Nederland gaf tussen 2015 en 2018 steun aan 22 rebellengroepen. Ze kregen geen wapens, maar zaken als pick-uptrucks, kleding, computers en tenten. Volgens Nieuwsuur en Trouw kwamen de spullen ook in handen van jihadisten. Minister Stef Blok (Buitenlandse Zaken) erkent dat het toezicht op de hulp strakker had gekund.
Voormalig Syrië-gezant Koos van Dam vindt de steun ter waarde van 27,6 miljoen „volkomen terecht”. En als groepen toch over de schreef gingen, werden de leveranties stopgezet. Het toezicht op de hulp was „voldoende”, ook al waren daarvoor volgens hem te weinig middelen. Hij kon niet concreet worden omdat de operatie tot staatsgeheim is verklaard.
Hoogleraar André Nollkaemper twijfelt of de steun aan de gewapende groepen gerechtvaardigd was. Volgens hem heeft het kabinet hiermee de „volkenrechtelijke grenzen bereikt”. Hij sprak op persoonlijke titel, maar is ook volkenrechtelijk adviseur van Buitenlandse Zaken.
Onderzoeker Thomas van Linge en journalist Harald Doornbos waren het duidelijk niet met elkaar eens. Volgens de laatste was het al een „enorme chaos” in Syrië en waren gematigde groepen bijna niet meer te vinden toen Nederland de hulpoperatie begon. Van Lingen denkt dat het wel kon, maar gelooft niet dat het veel verschil heeft gemaakt. Charles Lister van het Middle East Institute in Washington meent dat er juist eerder en op een grotere schaal hulp had moeten worden gegeven.
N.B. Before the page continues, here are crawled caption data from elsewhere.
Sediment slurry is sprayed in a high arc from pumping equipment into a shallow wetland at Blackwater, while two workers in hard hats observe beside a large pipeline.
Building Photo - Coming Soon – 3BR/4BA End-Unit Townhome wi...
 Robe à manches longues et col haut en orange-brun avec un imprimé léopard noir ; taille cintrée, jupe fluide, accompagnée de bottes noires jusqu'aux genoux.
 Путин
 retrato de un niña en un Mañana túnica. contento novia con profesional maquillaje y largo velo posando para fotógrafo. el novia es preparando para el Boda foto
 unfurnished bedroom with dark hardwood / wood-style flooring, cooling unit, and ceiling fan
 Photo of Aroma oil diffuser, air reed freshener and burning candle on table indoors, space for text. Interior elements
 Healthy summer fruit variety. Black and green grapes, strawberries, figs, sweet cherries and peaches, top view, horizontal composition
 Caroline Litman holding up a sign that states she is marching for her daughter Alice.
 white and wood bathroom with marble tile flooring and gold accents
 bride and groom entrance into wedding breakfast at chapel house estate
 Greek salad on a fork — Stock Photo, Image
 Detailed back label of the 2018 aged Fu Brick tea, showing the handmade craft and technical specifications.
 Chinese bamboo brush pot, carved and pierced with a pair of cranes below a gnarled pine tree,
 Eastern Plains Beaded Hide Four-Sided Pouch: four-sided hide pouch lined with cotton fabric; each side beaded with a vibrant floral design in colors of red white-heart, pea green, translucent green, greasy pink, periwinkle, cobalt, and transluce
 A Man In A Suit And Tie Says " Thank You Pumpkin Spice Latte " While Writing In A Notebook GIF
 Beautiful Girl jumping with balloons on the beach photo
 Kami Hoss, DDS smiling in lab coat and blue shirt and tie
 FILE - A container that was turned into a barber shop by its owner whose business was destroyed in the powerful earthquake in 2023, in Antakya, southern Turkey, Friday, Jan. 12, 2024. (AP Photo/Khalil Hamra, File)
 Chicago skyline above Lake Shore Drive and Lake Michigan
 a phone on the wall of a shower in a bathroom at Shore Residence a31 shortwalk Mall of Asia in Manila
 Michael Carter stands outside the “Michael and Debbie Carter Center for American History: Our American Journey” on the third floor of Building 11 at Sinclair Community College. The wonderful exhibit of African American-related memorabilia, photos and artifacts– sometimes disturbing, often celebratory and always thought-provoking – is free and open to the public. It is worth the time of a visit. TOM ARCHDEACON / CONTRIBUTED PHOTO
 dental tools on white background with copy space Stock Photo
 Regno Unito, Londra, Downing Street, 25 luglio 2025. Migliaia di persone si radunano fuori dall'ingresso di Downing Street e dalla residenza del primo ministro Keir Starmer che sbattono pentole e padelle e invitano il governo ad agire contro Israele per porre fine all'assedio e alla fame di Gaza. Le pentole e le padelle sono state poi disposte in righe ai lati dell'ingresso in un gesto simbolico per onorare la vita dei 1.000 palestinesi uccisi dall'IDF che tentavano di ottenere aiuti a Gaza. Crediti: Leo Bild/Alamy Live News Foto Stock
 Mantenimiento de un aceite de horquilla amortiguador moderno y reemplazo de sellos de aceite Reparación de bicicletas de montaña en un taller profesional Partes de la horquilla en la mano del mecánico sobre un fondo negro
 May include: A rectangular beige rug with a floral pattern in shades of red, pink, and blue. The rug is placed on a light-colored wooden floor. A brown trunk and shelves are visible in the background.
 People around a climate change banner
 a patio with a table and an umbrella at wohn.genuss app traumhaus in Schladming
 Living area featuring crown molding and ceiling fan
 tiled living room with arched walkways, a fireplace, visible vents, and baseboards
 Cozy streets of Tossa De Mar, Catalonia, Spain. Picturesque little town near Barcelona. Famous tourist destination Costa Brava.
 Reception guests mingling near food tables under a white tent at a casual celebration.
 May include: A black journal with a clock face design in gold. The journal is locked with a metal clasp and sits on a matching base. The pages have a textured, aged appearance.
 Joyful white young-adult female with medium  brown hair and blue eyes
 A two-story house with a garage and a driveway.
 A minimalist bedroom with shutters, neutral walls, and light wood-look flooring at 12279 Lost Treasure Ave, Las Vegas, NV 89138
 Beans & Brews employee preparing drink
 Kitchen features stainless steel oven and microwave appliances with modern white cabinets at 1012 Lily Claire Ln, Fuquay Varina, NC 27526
Bij de strijd in Syrië zijn honderden gewapende groepen betrokken. Er wordt volgens de deskundigen geregeld van bondgenoot gewisseld en strijders stappen over naar andere groepen als ze geld nodig hebben. Het is lastig deze groepen en hun leiders te volgen, aldus Diana Samaan van Amnesty International.